The fortnight which had intervened between that conversation and the morning when our little boy's story opens had given time for Miss Messenger's affairs to take another turn. In the hope of learning the details of this turn Miss Nash sought a corner of the Park, not much frequented by nursemaids, where she and Miss Messenger often met, but Etta was not there. Drawing the carriage within the shade of a miniature grove of lilacs in perfumed flower, Miss Nash once more lifted the veil, wiped the precious mouth, and adjusted the coverlet outside which lay the mittened baby hands. Since there was no more to be done, she sat down on a convenient bench to her reading of Juliet Allingham's Sin.
In the scene where the lover drowns she became so absorbed as not to notice that on a bench on the other side of a lilac bush Miss Messenger came and installed herself and her baby carriage in the shade of a near-by fan-shaped elm, bronze-green in its young leafage.
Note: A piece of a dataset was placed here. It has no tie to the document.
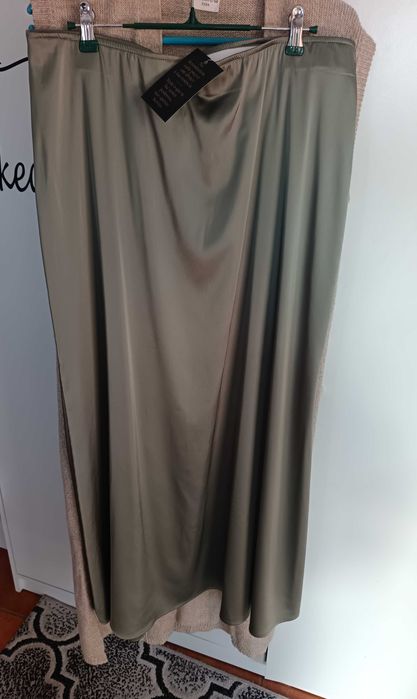 Saia em cetim. Moderna e elegante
Miss Nash looked up only when, her emotions having grown so poignant, she could read no more. She was drying her eyes when, through the branches of the lilac, the flutter of a nurse's cape told her that her friend must have arrived.
"Why, Etta!"
On going round the barrier she found herself greeted by what she had come to call Etta's fighting eyes. They were fine flashing black eyes, set in a face which Miss Nash was further accustomed to describe as "high-complexioned." Miss Messenger spoke listlessly, and yet as one who knew her mind.
"I saw you. I thought I wouldn't interrupt. I haven't very good news."
Miss Nash glided to a seat beside her friend, seizing both her hands. "Oh, my dear, he hasn't——?"
"That's just what he has." Etta nodded, drily. "Bring your baby round here and I'll tell you."
But Miss Nash couldn't wait. "He's all right there. He's sound asleep. I'll hear him if he stirs. Do tell me what's happened."